Macron annichilisce le opposizioni (soprattutto i socialisti)

 

La Francia ha regalato un vero e proprio plebiscito a quello che appare sempre di più la prima creatura politica costruita in laboratorio: La Republique En Marche. Alla fine di questa tornata elettorale, cioè dopo il prossimo turno di ballottaggio, il movimento messo insieme da Emmanuel Macron con l’aiuto di amici banchieri e possenti poteri finanziari, potrebbe ritrovarsi con una maggioranza parlamentare bulgara, tra i 415 e i 445 seggi. Ha vinto il neo-presidente ma in la partita che si è svolta in un clima segnato dall’indifferenza, con un astensionismo-record (50,2 per cento, la più alta della quinta Repubblica), segno evidente di stanchezza e di incertezza. Macron non ha solo fatto il pieno: ha anche fatto il vuoto. Ha soprattutto cancellato il “sogno” di Marine Le Pen (e questa non è certo una brutta notizia). Fino a qualche mese fa, la figlia di Jean Marie era accreditata di un bacino elettorale che oscillava tra il 25 e il 28 per cento. Ebbene, secondo le proiezioni non andrebbe oltre il 13,1, cioè 19 punti e mezzo in meno di En Marche dato al 32,6. Il Front National è stato “svuotato” da Macron. Ma ancora di più dai Repubblicani che seppur privi di un leader “unitario” avrebbero comunque tenuto raggranellando un 20,9 per cento dei consensi che tradotto in seggi garantiscono 80-100 parlamentari. Marine, invece, se le va bene avrà quattro rappresentanti, se va male soltanto uno. In sostanza non potrà formare un gruppo parlamentare.

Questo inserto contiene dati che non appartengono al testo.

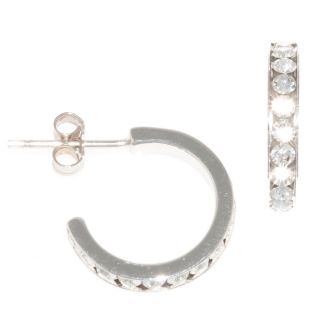 Bridge Jewelry Sterling Silver Crystal Hoop Earrings, Clear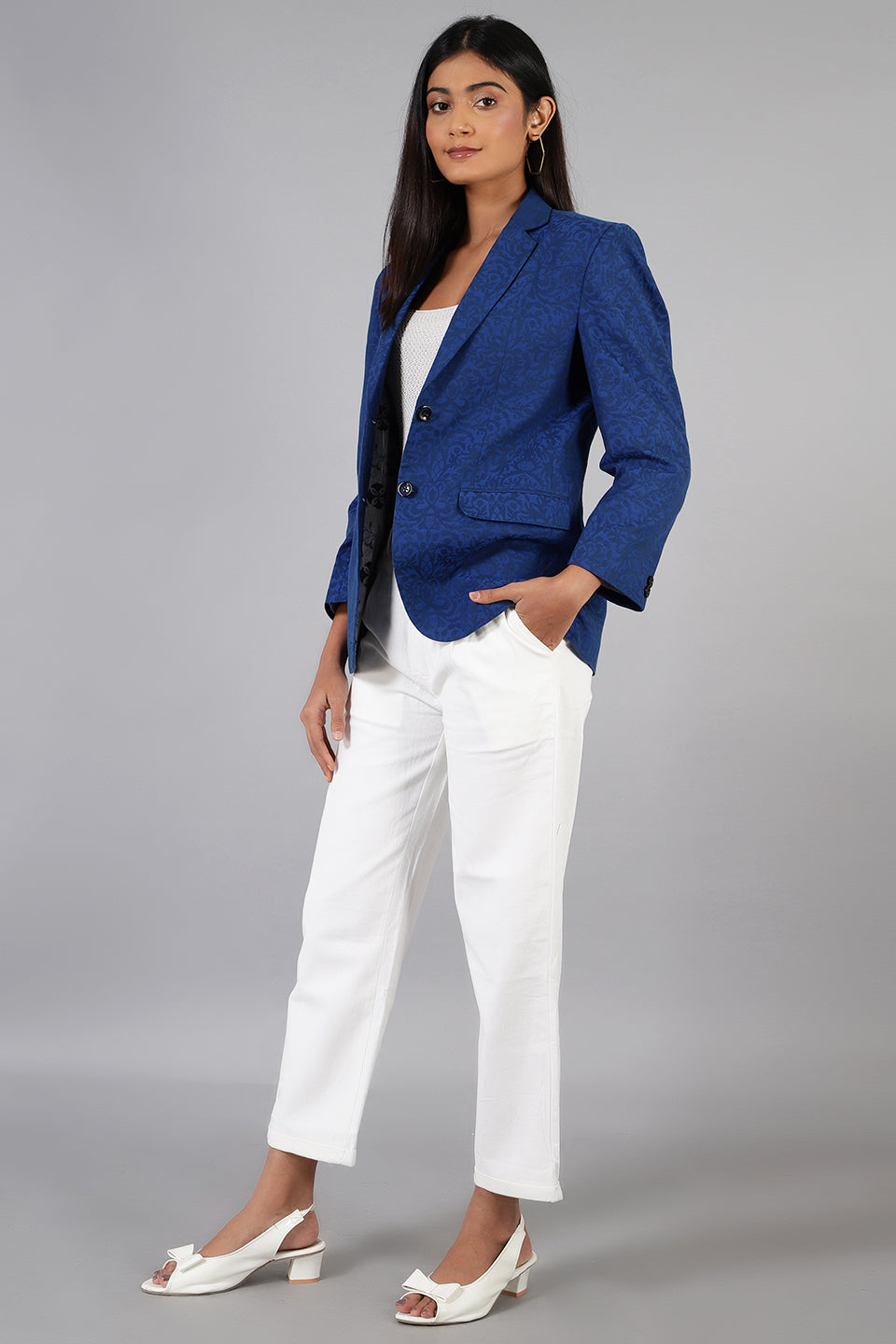 100% Cotton Blue Blazer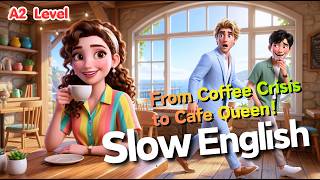 The Coffee Machine Broke… Then She Became a Cafe Queen | Slow English Practice (A2 Level)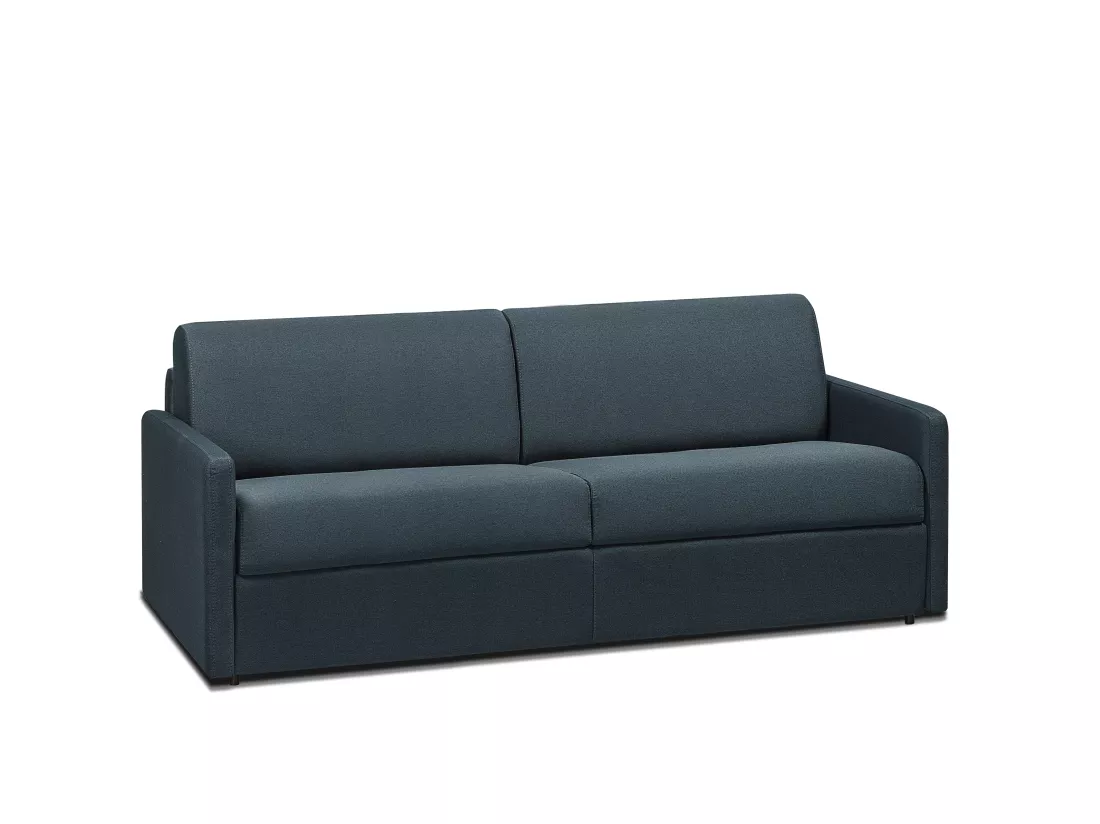 Canapé 4 places convertible express en tissu bleu foncé - Couchage à lattes larges 160 cm - Matelas 18 cm CALIFE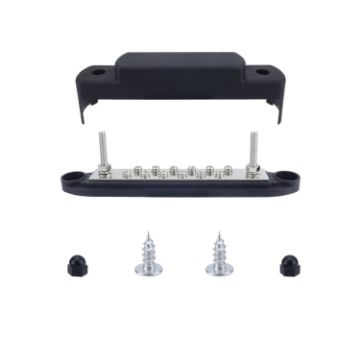 M6 2-Post 12-Way RV Yacht Terminal Nylon Busbar - Black - 1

E la sinistra? Non va bene. Nemmeno a Mélenchon che nelle legislative non è riuscito a replicare il buon risultato delle presidenziali. Le proiezioni gli attribuiscono un 11 per cento che, per i meccanismi elettorali francesi, si trasformerebbe in 10-20 seggi, addirittura meno dei 30-35 che potrebbero conquistare i socialisti con un consenso più contenuto (9 per cento).

Mette tristezza il risultato socialista, vittima della campagna-acquisti di Macron, di una presidenza Hollande disastrosa più che semplicemente deludente, di una linea politica incerta, piena di contraddizioni e troppo ispirata nelle scelte di governo alle politiche liberiste (la Loi Travail che Macron annuncia i peggiorare). Il Psf è stato il partito di Francois Mitterrand, di Francois Rocard, di Jacques Delors; ha una storia, una tradizione e ancora un radicamento. Ma deve ritrovare una identità perché questo mesto crepuscolo nasce proprio dall’indefinitezza della sua collocazione, della sua immagine, delle sue opzioni strategiche. Una indefinitezza che l’ha allontanato dal suo elettorato che non lo ha trovato più riconoscibile e si è disperso in mille rivoli alcuni dei quali hanno alimentato addirittura anche il Front National. Il segretario del Psf, Jean-Christophe Cambadelis nell’ammettere la sconfitta non ha usato mezzi termini definendola “senza precedenti” e sollevando un problema che era stato posto già durante la campagna elettorale ma che non ha impressionato e condizionato l’elettorato: la cancellazione dell’opposizione a causa di una maggioranza fin troppo ampia. Non una gran notizia per la democrazia.